Late last year GM initiated a unique experiment by launching the Chevrolet Captiva Sport which is a rebadged version of its now extinct second-generation Saturn Vue compact crossover utility model intended only for commercial customers.  GM’s motives behind the move were twofold; they hoped to satisfy growing rental demand for the efficient and versatile compact CUV segment, while at the same time preserving the used value retention of the popular Equinox.

In the past, manufacturers have produced fleet only trims of within a model lineup, but never has a manufacturer spun off a model designated specifically for fleet use.  Since going on sale back in October, Chevrolet has sold almost 25k Captiva Sports, during this same time period over 159k Equinox’s were sold. 

Looking at January-May 2012 R.L. Polk registration data shows that over 14k Captiva Sports were sold to rental fleet companies, whereas 6k Equinox’s made their way into rental fleets.  Total Equinox registrations from January-April for the 2010, 2011, and 2012 model years shows that there has been a significant increase in demand.  Chevrolet totally redesigned the Equinox for the 2010 model year and from January-April of that year over 42k total units were sold, in 2011 over 61k units were sold, and finally in 2012 nearly 70k units were sold. 

In regards to days’ supply, since January this year the average month-end days’ supply rate for the Equinox has been a below average 55 days, eleven points below the light duty truck segment average of 66 days.  Days’ supply for the Captiva Sport can’t be compared because of its fleet only nature, meaning every unit produced was individually ordered.
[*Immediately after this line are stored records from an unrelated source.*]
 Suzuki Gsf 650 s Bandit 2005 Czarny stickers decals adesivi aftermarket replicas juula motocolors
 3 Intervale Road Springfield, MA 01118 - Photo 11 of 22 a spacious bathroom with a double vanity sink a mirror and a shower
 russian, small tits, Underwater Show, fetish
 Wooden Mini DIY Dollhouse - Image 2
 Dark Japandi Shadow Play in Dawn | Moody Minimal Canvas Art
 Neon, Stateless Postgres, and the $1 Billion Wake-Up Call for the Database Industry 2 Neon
In terms of the used vehicle market, NADA’s analysts valued each model for July’s edition of the Official Used Car Guide.  In order to examine used value retention, we will use a 2012 Captiva Sport LT FWD equipped with the 3.0 V6 and a similarly equipped 2012 Equinox LT FWD 3.0 V6.  The Captiva Sport had an original typically equipped MSRP of $26,585 and the Equinox had an original typically equipped MSRP of $26,945.  For the July edition of the Official Used Car Guide, Average Trade-In values for the 2012 Captiva Sport LT FWD and 2012 Equinox LT FWD were placed at $23,000 and $23,380, respectively (national average). 
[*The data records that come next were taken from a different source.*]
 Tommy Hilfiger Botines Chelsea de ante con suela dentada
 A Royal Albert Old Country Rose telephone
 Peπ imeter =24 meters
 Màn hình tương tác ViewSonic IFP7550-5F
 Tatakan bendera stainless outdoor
These figures equate to retention of 87% for the Captiva Sport and also 87% for the Equinox (average trade-in value divided by equipped MSRP), which places their retained values above competitive vehicles such as the 2012 Nissan Rogue S FWD (78%) and the 2012 Ford Escape XLT FWD V6 (74%).  From a value retention standpoint, historically the stigma of being a fleet vehicle can have detrimental consequences in initial used vehicle values.  In the case of the Captiva Sport quite the opposite is occurring as its retention rate currently remains in line with the Equinox and is well above the Nissan Rogue and Ford Escape.